About this exercise:
Below are lines of data, and only some are wanted. Please repeat exactly those from the line that has "The Swords Bard: d4 #81" through the line that has "AlanSansli YM-735 120".

============

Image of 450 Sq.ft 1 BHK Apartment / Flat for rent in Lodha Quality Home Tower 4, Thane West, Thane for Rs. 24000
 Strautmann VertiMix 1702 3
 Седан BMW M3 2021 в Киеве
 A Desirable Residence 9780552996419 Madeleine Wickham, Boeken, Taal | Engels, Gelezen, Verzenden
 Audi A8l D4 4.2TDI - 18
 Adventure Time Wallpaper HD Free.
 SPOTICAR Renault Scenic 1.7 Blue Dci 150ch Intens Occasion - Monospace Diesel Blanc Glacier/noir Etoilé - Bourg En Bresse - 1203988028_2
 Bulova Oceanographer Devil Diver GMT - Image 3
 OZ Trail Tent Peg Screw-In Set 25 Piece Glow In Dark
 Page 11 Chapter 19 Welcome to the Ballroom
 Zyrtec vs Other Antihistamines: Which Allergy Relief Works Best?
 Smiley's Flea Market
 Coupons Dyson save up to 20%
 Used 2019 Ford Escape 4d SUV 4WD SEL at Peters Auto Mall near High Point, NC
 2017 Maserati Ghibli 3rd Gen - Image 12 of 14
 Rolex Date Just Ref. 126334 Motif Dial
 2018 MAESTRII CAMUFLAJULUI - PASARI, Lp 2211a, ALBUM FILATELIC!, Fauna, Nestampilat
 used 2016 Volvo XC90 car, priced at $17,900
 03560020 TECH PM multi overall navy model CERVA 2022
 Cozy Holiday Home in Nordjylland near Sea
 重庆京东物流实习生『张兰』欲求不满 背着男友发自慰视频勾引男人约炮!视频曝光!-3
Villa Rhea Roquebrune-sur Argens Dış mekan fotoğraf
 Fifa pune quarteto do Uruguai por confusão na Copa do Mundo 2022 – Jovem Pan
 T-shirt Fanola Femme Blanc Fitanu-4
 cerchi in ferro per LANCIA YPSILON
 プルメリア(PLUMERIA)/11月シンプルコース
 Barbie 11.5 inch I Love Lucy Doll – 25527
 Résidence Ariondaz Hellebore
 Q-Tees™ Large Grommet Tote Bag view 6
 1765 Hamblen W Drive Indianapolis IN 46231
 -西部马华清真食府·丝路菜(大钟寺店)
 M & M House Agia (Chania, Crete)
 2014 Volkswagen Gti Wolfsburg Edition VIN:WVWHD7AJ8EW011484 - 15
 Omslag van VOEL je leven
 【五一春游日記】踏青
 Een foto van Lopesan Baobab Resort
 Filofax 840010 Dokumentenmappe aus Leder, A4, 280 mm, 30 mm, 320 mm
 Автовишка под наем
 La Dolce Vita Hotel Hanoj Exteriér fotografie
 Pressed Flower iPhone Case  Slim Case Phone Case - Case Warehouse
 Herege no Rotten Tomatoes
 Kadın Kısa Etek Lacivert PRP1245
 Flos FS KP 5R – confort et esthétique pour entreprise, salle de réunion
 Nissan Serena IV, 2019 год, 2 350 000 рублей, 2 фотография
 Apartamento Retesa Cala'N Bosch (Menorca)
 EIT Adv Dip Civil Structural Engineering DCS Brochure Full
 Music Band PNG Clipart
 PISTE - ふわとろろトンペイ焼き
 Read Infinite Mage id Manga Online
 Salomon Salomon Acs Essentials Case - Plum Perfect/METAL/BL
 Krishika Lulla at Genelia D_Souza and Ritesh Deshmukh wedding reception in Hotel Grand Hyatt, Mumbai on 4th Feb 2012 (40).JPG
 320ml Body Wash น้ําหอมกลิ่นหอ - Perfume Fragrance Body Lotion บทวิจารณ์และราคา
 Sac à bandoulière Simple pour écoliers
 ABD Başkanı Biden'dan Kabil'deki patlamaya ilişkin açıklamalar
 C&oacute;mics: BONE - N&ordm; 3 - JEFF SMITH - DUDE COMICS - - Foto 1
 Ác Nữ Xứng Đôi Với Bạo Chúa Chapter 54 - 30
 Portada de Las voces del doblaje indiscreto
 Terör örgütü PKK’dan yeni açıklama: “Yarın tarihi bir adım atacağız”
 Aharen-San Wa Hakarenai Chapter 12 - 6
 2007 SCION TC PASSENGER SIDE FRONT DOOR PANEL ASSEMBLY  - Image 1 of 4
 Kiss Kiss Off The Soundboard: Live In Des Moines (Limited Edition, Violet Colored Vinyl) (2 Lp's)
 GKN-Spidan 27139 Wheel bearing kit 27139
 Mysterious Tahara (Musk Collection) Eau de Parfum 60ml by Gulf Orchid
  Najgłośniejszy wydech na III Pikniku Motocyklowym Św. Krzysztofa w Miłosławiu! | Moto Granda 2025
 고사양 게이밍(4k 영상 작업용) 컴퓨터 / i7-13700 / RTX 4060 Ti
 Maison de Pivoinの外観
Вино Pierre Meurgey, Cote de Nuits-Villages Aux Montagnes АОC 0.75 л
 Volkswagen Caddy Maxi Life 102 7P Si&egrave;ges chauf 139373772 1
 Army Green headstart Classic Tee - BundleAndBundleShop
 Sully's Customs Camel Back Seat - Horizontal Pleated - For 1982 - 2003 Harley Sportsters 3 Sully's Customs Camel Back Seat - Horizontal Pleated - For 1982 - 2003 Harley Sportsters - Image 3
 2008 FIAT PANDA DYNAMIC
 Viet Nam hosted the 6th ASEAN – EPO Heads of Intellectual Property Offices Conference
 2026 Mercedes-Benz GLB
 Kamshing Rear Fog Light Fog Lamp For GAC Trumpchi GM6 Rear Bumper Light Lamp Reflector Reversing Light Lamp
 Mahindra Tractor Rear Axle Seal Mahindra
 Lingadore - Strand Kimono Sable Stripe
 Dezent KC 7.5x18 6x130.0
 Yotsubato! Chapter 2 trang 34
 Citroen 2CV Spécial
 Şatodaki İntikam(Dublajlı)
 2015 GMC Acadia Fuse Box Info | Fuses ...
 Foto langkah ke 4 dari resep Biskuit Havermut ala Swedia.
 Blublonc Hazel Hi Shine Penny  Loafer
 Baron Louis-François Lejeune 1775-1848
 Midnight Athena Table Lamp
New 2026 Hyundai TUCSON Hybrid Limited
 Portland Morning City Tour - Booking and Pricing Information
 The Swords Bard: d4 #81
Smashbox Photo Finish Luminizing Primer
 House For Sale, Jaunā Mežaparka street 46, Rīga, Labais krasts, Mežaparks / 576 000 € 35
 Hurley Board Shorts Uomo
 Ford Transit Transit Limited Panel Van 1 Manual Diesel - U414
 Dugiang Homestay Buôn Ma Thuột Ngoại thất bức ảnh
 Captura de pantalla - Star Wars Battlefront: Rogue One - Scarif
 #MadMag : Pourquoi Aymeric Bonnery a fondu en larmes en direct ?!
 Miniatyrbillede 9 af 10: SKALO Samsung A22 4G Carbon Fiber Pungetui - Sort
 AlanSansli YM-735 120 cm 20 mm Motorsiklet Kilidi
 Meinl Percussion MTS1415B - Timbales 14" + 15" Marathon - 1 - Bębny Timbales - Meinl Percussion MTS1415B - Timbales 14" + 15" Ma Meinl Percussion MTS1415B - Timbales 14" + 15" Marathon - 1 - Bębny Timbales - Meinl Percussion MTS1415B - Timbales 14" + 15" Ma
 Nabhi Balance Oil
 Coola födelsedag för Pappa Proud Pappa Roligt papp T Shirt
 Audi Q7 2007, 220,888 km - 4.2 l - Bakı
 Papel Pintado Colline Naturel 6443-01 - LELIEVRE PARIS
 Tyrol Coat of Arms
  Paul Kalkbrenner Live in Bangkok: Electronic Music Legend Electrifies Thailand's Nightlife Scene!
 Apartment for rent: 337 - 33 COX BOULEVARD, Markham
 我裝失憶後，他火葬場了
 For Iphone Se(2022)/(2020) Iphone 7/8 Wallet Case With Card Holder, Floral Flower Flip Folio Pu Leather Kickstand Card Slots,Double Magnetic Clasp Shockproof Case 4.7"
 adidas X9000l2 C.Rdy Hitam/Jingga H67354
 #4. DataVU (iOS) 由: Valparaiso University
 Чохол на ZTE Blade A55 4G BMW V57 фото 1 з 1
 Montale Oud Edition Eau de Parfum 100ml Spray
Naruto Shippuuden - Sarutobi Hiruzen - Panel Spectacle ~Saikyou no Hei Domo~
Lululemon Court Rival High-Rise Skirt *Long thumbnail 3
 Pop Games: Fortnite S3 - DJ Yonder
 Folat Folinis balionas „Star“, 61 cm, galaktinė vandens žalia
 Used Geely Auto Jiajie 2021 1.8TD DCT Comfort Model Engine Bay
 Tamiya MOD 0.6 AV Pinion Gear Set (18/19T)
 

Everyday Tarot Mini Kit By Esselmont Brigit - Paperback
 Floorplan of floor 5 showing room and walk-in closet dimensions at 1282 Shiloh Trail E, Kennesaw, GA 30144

============

Task response:
 The Swords Bard: d4 #81
Smashbox Photo Finish Luminizing Primer
 House For Sale, Jaunā Mežaparka street 46, Rīga, Labais krasts, Mežaparks / 576 000 € 35
 Hurley Board Shorts Uomo
 Ford Transit Transit Limited Panel Van 1 Manual Diesel - U414
 Dugiang Homestay Buôn Ma Thuột Ngoại thất bức ảnh
 Captura de pantalla - Star Wars Battlefront: Rogue One - Scarif
 #MadMag : Pourquoi Aymeric Bonnery a fondu en larmes en direct ?!
 Miniatyrbillede 9 af 10: SKALO Samsung A22 4G Carbon Fiber Pungetui - Sort
 AlanSansli YM-735 120 cm 20 mm Motorsiklet Kilidi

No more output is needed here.